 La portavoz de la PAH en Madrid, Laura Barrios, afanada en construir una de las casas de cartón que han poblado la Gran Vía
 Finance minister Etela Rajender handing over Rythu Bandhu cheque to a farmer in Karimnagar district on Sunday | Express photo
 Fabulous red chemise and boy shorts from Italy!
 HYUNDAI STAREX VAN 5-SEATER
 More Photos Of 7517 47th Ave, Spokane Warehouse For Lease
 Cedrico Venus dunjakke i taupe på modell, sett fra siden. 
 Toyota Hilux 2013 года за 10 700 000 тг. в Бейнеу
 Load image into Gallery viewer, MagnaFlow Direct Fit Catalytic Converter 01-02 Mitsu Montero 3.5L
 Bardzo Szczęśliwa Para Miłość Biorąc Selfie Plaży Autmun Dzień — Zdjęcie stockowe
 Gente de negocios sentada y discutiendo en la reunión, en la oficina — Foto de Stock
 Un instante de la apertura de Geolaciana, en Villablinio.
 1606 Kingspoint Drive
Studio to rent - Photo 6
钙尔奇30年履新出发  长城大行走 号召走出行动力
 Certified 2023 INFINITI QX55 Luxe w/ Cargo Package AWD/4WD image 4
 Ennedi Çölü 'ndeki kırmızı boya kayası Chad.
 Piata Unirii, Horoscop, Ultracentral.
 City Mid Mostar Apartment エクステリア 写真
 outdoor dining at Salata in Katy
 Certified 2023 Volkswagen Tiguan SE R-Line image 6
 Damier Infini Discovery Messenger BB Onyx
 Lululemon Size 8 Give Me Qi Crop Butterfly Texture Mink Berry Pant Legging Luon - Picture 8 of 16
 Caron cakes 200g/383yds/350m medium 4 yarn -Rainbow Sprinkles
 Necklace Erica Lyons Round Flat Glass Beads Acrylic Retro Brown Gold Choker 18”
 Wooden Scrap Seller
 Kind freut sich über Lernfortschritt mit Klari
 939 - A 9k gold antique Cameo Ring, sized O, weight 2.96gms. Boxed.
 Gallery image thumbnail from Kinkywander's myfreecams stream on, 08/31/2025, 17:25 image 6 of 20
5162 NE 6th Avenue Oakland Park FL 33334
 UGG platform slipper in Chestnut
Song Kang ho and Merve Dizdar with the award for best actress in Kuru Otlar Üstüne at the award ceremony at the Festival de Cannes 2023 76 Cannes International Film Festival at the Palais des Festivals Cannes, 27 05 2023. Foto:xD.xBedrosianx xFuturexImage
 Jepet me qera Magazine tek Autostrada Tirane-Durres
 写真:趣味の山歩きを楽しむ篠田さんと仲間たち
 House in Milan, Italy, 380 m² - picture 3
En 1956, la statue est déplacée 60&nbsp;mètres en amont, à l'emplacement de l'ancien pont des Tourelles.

— GOAL OF THE EXERCISE —
Your answer should consist of the lines from the line with "Gente de negocios" to the line with "Damier Infini Discovery Messenger BB Onyx" above, repeated exactly, both ends included.

— ANSWER —
 Gente de negocios sentada y discutiendo en la reunión, en la oficina — Foto de Stock
 Un instante de la apertura de Geolaciana, en Villablinio.
 1606 Kingspoint Drive
Studio to rent - Photo 6
钙尔奇30年履新出发  长城大行走 号召走出行动力
 Certified 2023 INFINITI QX55 Luxe w/ Cargo Package AWD/4WD image 4
 Ennedi Çölü 'ndeki kırmızı boya kayası Chad.
 Piata Unirii, Horoscop, Ultracentral.
 City Mid Mostar Apartment エクステリア 写真
 outdoor dining at Salata in Katy
 Certified 2023 Volkswagen Tiguan SE R-Line image 6
 Damier Infini Discovery Messenger BB Onyx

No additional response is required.